## WHAT TO DO
Your task is to transcribe the entries below exactly, beginning with the line containing "Picture of adidas" and ending with the final line, and to add nothing else.

[Saved data entries]

╔══

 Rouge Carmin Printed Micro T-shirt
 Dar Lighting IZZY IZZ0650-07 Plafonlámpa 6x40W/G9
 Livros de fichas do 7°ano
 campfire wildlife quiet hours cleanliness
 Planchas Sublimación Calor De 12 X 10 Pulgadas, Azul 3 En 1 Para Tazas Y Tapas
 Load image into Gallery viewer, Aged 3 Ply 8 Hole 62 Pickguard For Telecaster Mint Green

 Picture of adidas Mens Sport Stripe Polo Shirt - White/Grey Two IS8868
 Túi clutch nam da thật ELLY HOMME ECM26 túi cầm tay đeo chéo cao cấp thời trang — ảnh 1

╚══

## WRITTEN ANSWER
 Picture of adidas Mens Sport Stripe Polo Shirt - White/Grey Two IS8868
 Túi clutch nam da thật ELLY HOMME ECM26 túi cầm tay đeo chéo cao cấp thời trang — ảnh 1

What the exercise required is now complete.